Le point marché

Le Yen et l’emploi américain font tituber les marchés

 

Fin de semaine turbulente sur les marchés, n’est-ce pas ? L’indice S&P500 perd près de 4% sur les seules journées de jeudi et de vendredi, et ça n’est presque rien à côté des -5,4% de Microsoft sur la semaine ou des -5,8% de Nvidia sur la même période… Et que dire du Russel 2000, l’indice américaine de référence pour « les petites et moyennes capitalisations », qui perd lui près de 8% en deux jours ! Lorsque tout s’effondre, c’est avec un regard « macro » qu’il faut observer la situation. Prêtons-nous à l’exercice ensemble.

YEN ET EMPLOI US

Le rebond du Yen fait plonger les marchés américains…

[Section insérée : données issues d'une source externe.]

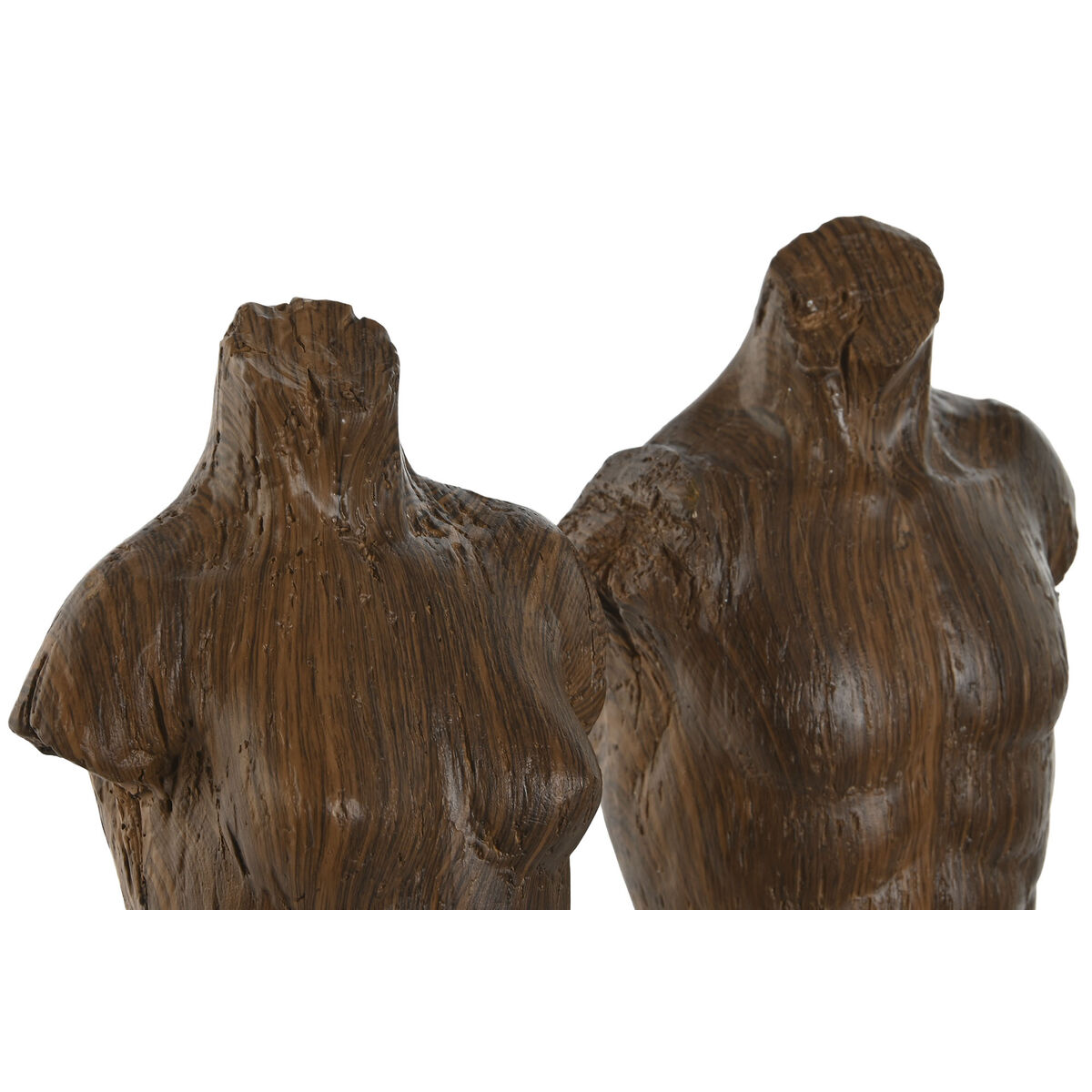 Prydnadsfigur Home ESPRIT Vit Ljusbrun Byst 9,5 x 8 x 31 cm (2 antal) - 2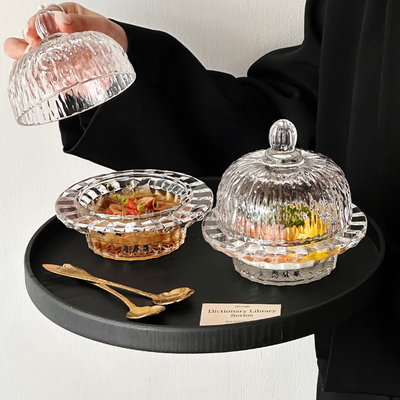 ins风高颜值精致带盖玻璃糖水碗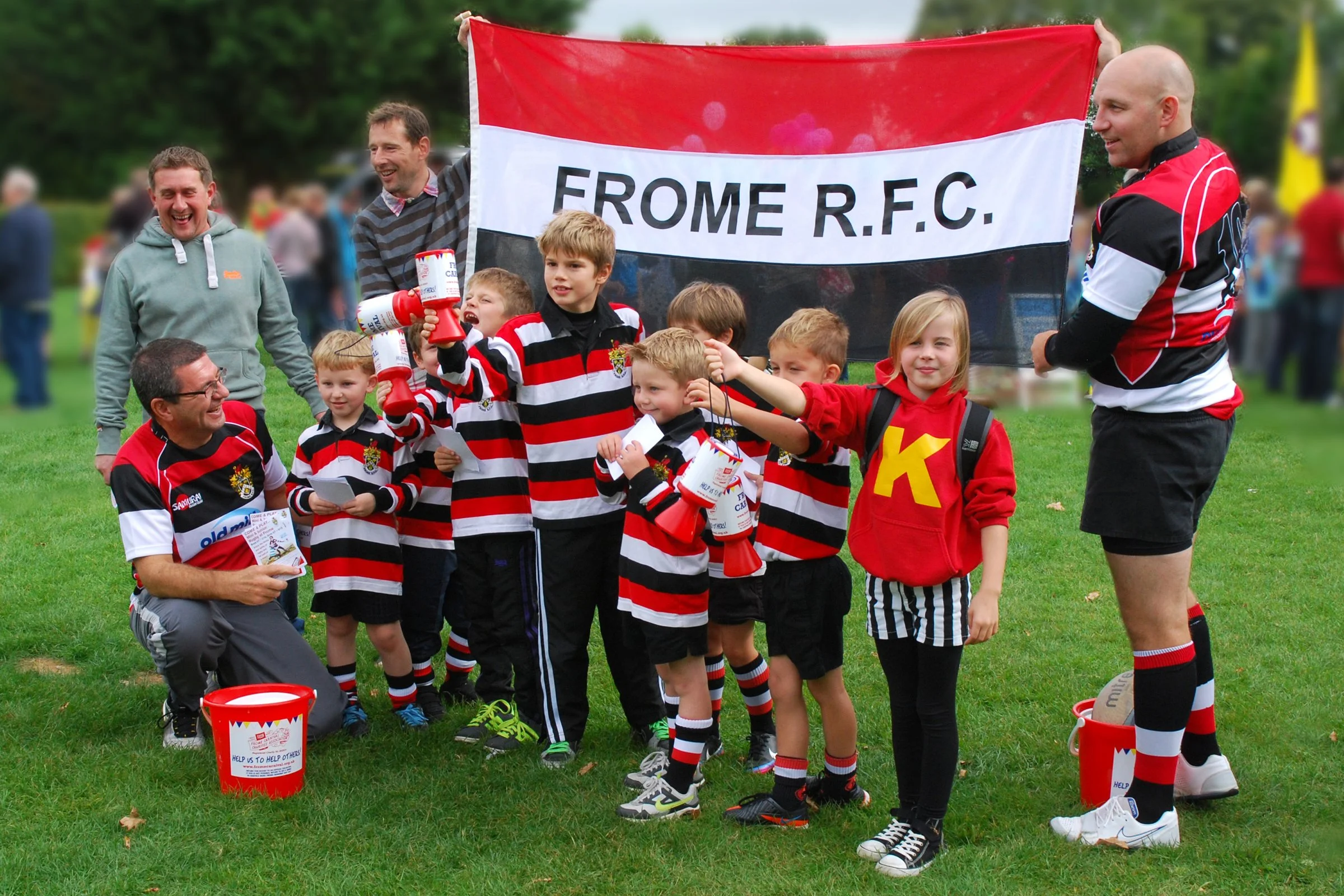 Frome Rugby Club juniors collecting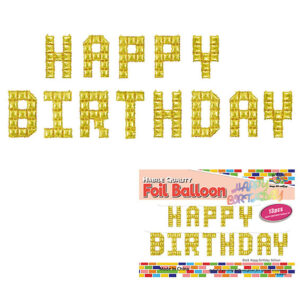 Фольгована гірлянда Happy Birthday золоті кубики 35см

Oui, le premier « facteur explicatif » de ce saignement n’a rien d’américain (enfin presque). Depuis le début de l’année, nous avons à maintes reprises mis en lumière la situation japonaise plus qu’atypique. Pour rappel, le Japon a subi une très forte dépréciation du Yen (sa monnaie nationale) au cours des derniers trimestres, simplement car la Bank of Japan a maintenu des taux d’intérêt très bas afin de soutenir son économie (qui lutte structurellement contre la déflation) alors que la plupart des banquiers centraux ont procédé à des hausses de taux directeurs afin de freiner une inflation galopante ayant pointé le bout de son nez après le Covid (cf. BCE & FED). Cette « divergence monétaire » entre le Japon et les autres grandes puissances occidentales (justifiée d’un point de vue économique au regard des situation respectives de toutes les parties) s’est ainsi soldée par une forte dépréciation du Yen face au Dollar américain.

Certains investisseurs spéculatifs y ont vu ici une opportunité : emprunter du Yen sur les marchés japonais à faible coût (étant donné la faiblesse des taux d’intérêt), vendre ces mêmes Yens pour acheter des Dollars américains, et investir ces derniers sur les marchés nationaux, notamment dans l’industrie technologique qui profite d’un très beau narratif depuis des mois : l’intelligence artificielle. Oui, nous parlons bien du fameux « carry trade »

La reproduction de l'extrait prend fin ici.